### What the exercise asks
Print the lines below from the line with "Driftwood 9oz Soy Candle" to the line with "S0454 Japon Tatouage" exactly, keeping both ends, and print no pictures.

### Input data
"""

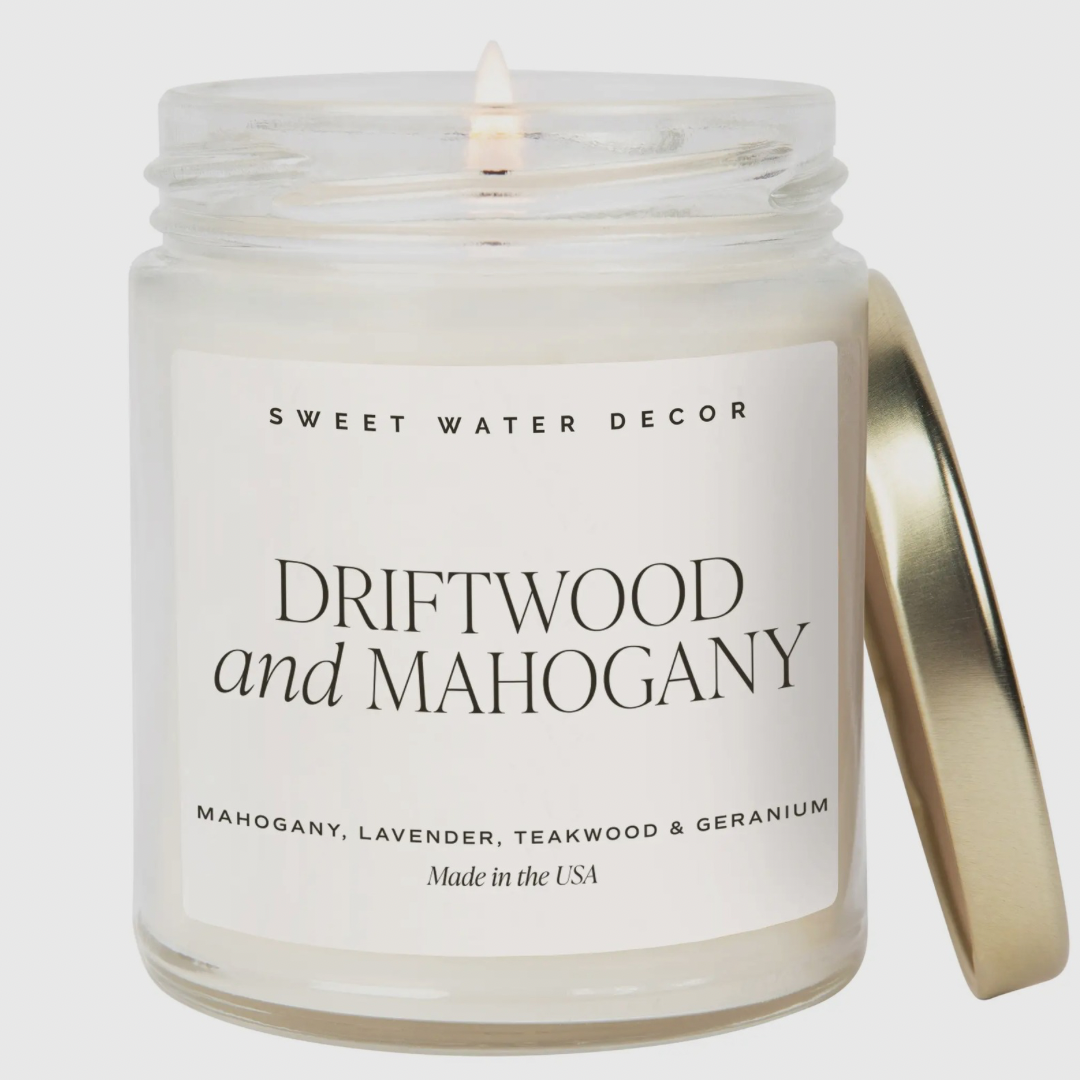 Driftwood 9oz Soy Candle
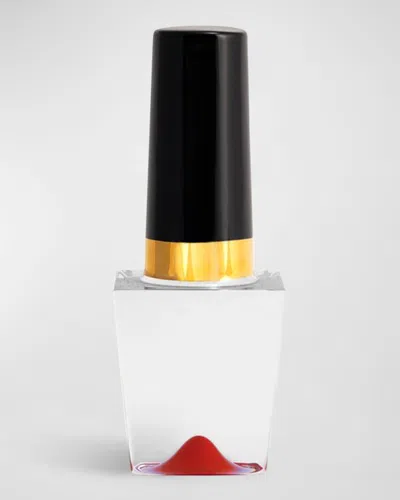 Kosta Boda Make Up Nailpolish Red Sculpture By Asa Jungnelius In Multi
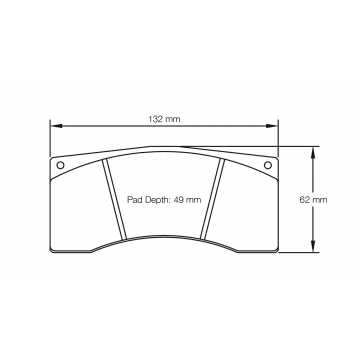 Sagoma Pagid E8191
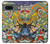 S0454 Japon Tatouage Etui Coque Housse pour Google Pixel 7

"""
"""

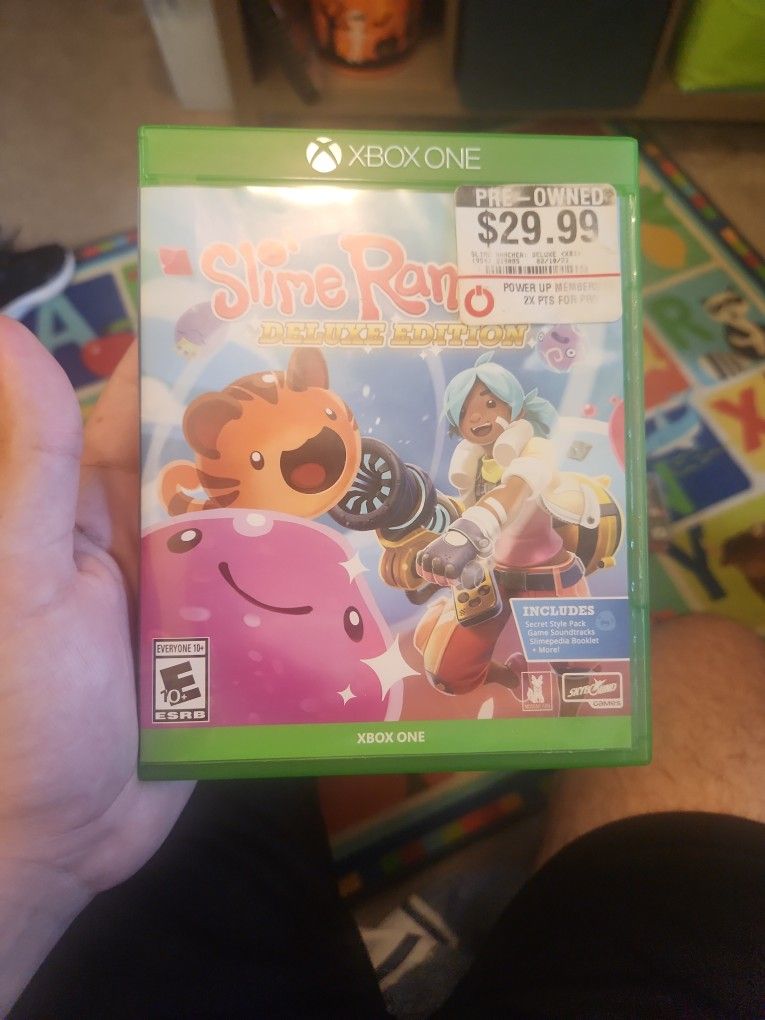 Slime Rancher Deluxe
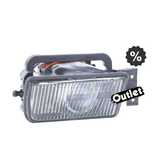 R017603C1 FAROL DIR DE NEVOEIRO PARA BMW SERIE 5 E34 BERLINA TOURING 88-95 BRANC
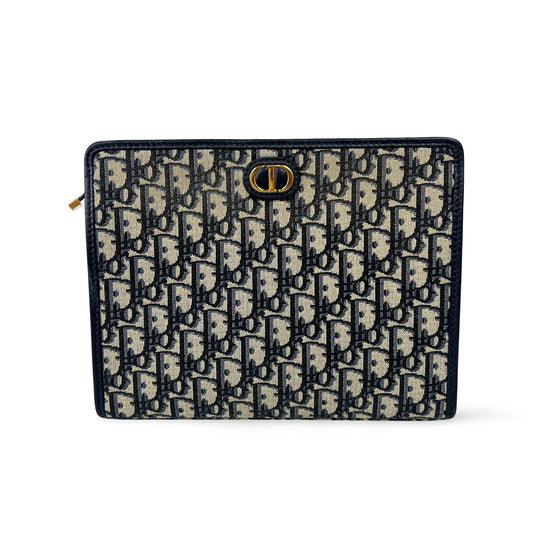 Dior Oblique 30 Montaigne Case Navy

"""
"""

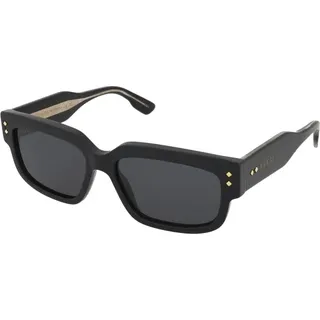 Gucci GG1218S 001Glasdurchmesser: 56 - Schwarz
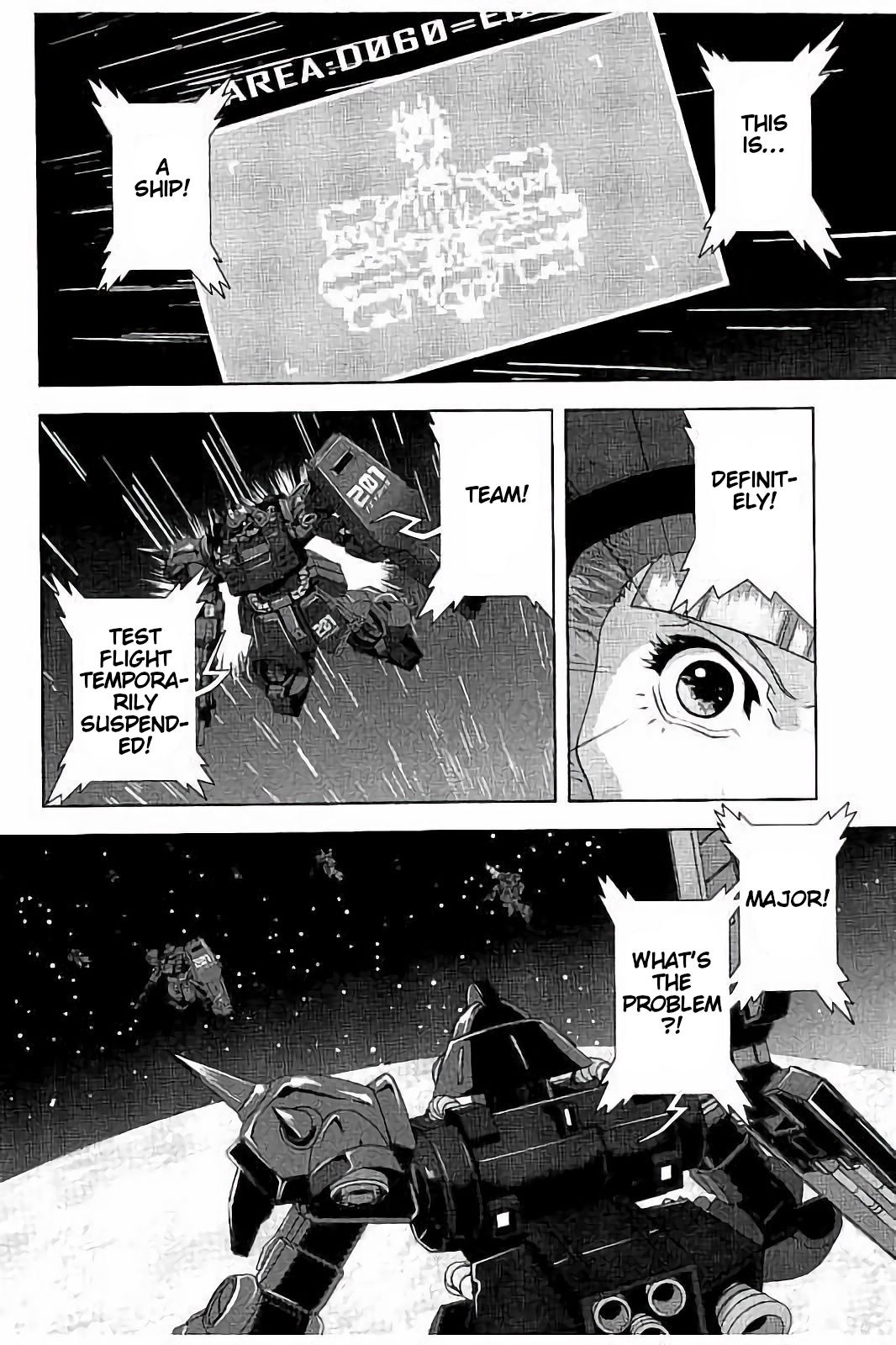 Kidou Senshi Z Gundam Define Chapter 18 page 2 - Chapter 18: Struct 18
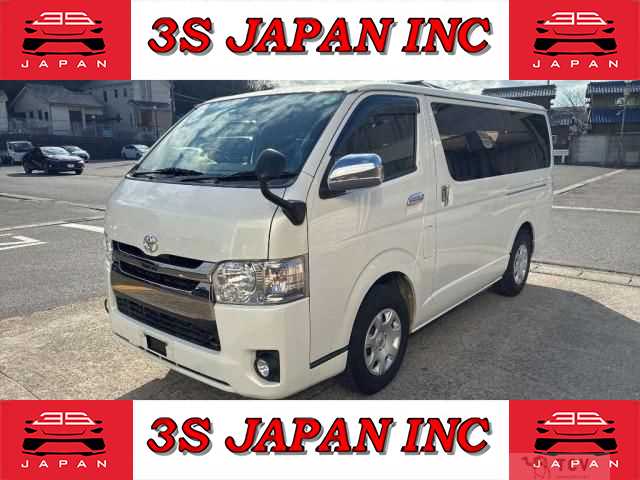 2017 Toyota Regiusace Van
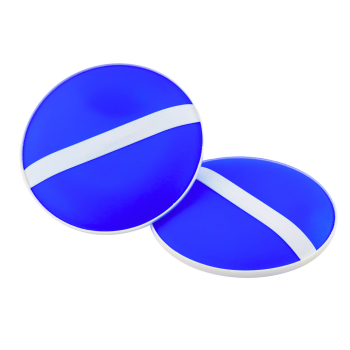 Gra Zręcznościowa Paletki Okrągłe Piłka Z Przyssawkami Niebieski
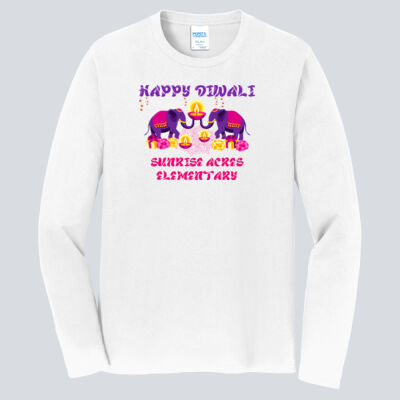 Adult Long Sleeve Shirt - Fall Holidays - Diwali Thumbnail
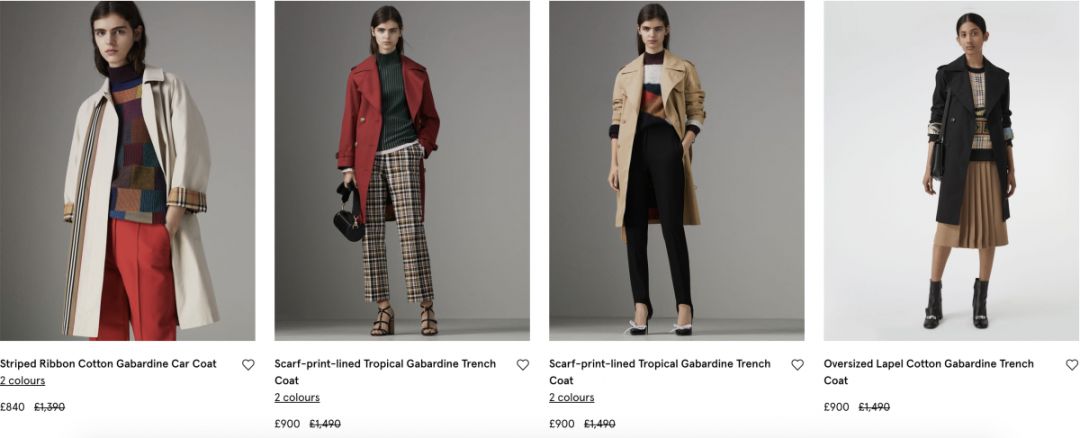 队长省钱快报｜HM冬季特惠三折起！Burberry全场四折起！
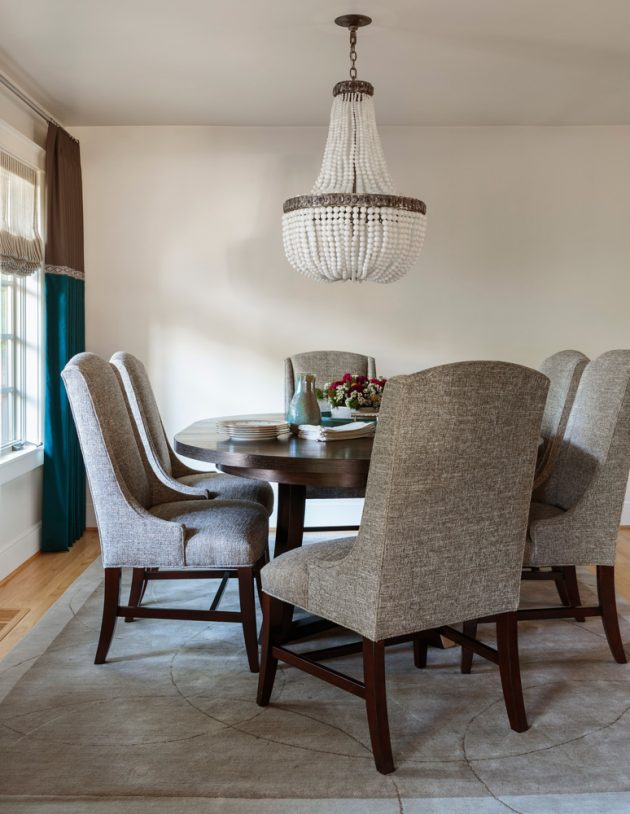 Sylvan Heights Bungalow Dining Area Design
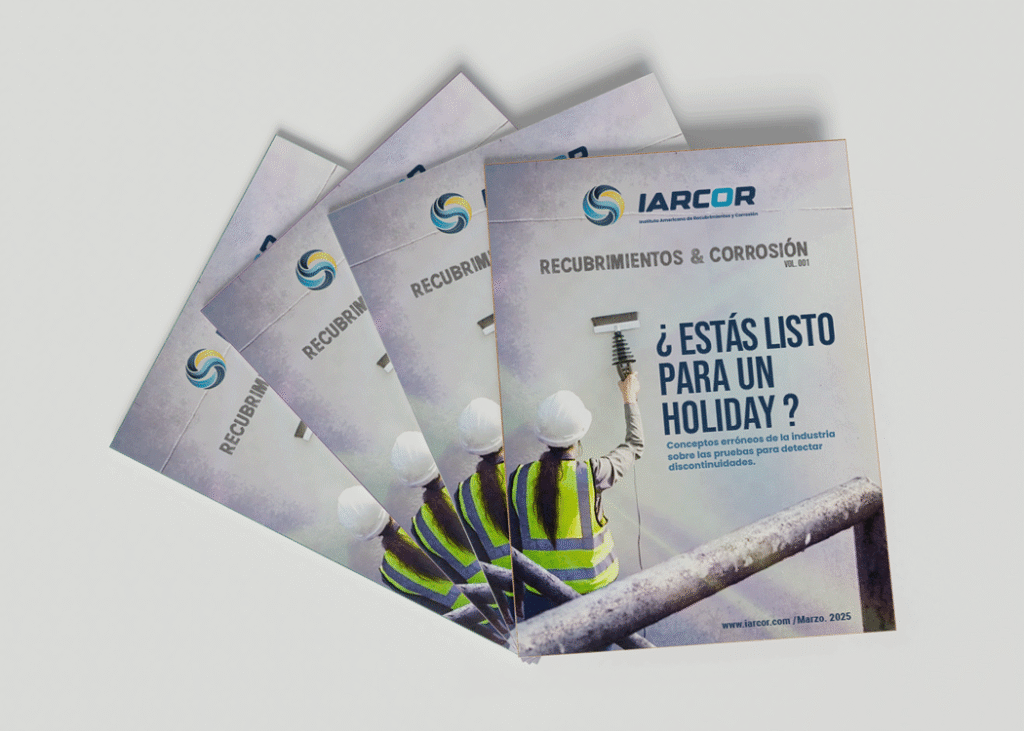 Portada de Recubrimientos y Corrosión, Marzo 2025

"""

### Exercise output
 Driftwood 9oz Soy Candle
 Kosta Boda Make Up Nailpolish Red Sculpture By Asa Jungnelius In Multi
 Sagoma Pagid E8191
 S0454 Japon Tatouage Etui Coque Housse pour Google Pixel 7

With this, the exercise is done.